From my own experience as a former asylum seeker, I know that migrants are not necessarily fleeing war or poverty. Those who saw me land at Heathrow on the morning of 22 July 2007 might have thought I was another African immigrant, escaping poverty and disease. But the truth is that, like the majority of the people who make it out of Africa into Europe and the Americas, I wasn’t. If anything, I was part of the African elite that is able to cut through the stringent visa requirements, can afford the pocket-busting airfares, and is able to take risks to come to countries where, whether they are seeking asylum or not, they are not exactly sure of the final outcome of their case. To the suffering Africans, this is often too much of an outlay, especially so when the country next door or the country a few countries north or south can welcome you and provide sanctuary for less than the cost of a UK visa. When it comes to migration into the Global North, Africans will only migrate if they have the ambitions and resources to make this happen.

Around 21 million documented Africans live in another African country, with countries such as Nigeria, South Africa and Egypt being some of the main destinations.

In the lead-up to the Brexit vote – which was heavily influenced by what those campaigning to leave the EU kept referring to as uncontrolled immigration – there were more Eastern Europeans in the UK than migrants from Africa or Asia combined. Yet the entire campaign was dominated by discussions about illegal immigration – deliberately painting the picture that the country was being swamped by foreigners, many of whom were already subjected to some of the most stringent visa requirements. Even Nigel Farage’s infamous Breaking Point poster, which was correctly reported to the police as inciting racial hatred, was deliberately punctuated with brown faces as if to emphasize the point that white migration is OK, non-white not as good.

I was having a discussion with one of my neighbours a few weeks ago – a son of Irish folk who migrated to Birmingham, England, in the 1950s. He has only been to Ireland twice in his life and while he considers himself Irish, he doesn’t think he is regarded as Irish. He speaks with a Birmingham accent and has lived in the South East of England for over 30 years now. I do not believe him to be racist but some of his views could be very easily construed as racist towards “these foreigners that can’t stop complaining”.

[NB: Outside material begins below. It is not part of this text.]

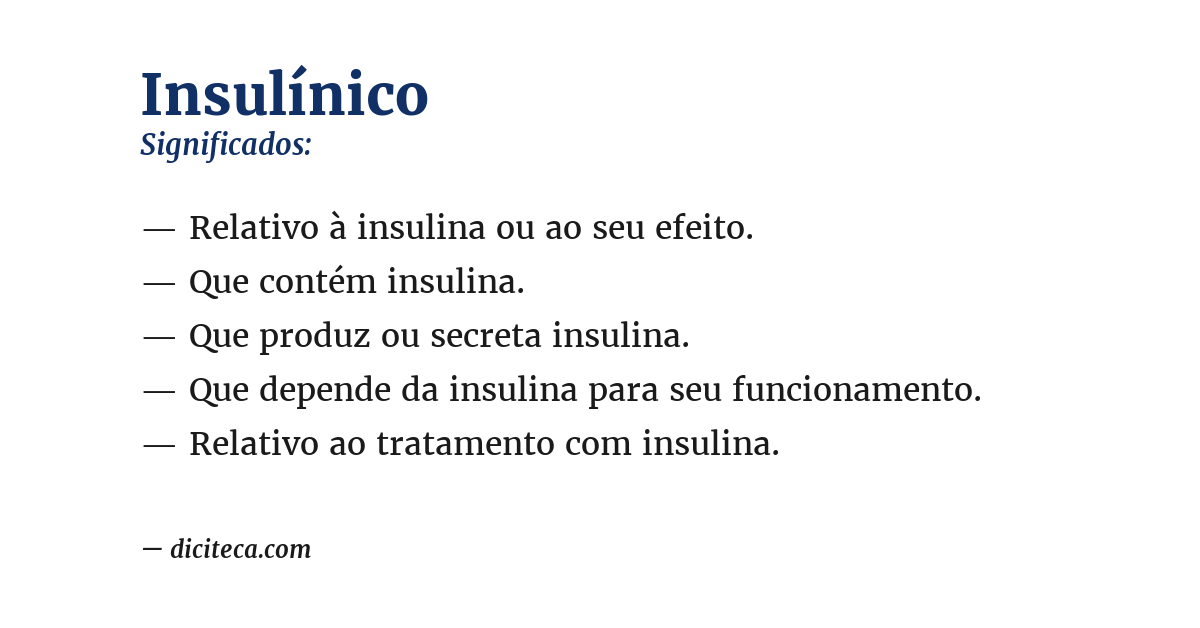 Significado de insulínico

“Why is it only young men that are crossing the Channel?” he asked. “If the situation in their countries is so dire that they have to flee, why are they leaving behind their family? Would you leave your wife and children to be killed or even raped? I wouldn’t.” When I asked him what he would do if the only money he had left after selling most of his possessions was enough to transport one person out of a family of four, he replied: “I don’t know but I would have to think of something”. And when I pestered him to tell me what that something was, he responded: “I don’t know.”

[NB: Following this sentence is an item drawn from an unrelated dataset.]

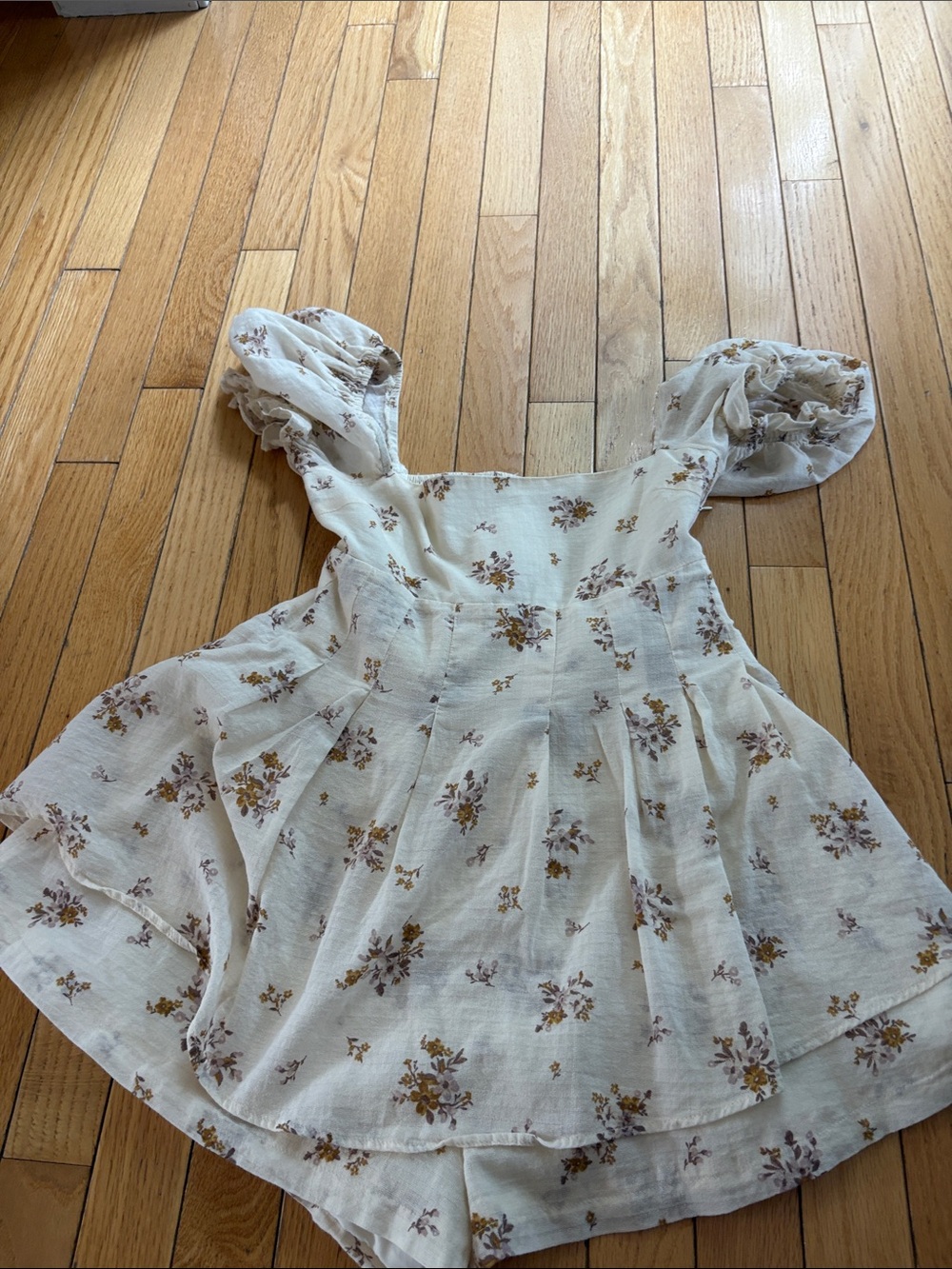 Altar'd State Cream Floral Puff-Sleeve Romper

And herein lies the folly of the dangerous migration rhetoric that has been carefully promoted by right-wing politicians with the help of an increasingly agenda-driven media. A son of an Irish couple, who left Ireland for a better life in Birmingham, and were most likely subjected to discrimination as IRA sympathisers during the Troubles, has grown up to Other those doing exactly what his parents did all those years ago. “We can’t let in everyone,” he says. Except we are not.

This article is part of a series on migration and displacement in and from Africa, co-produced by the Elephant and the Heinrich Boll Foundation’s African Migration Hub, which is housed at its new Horn of Africa Office in Nairobi.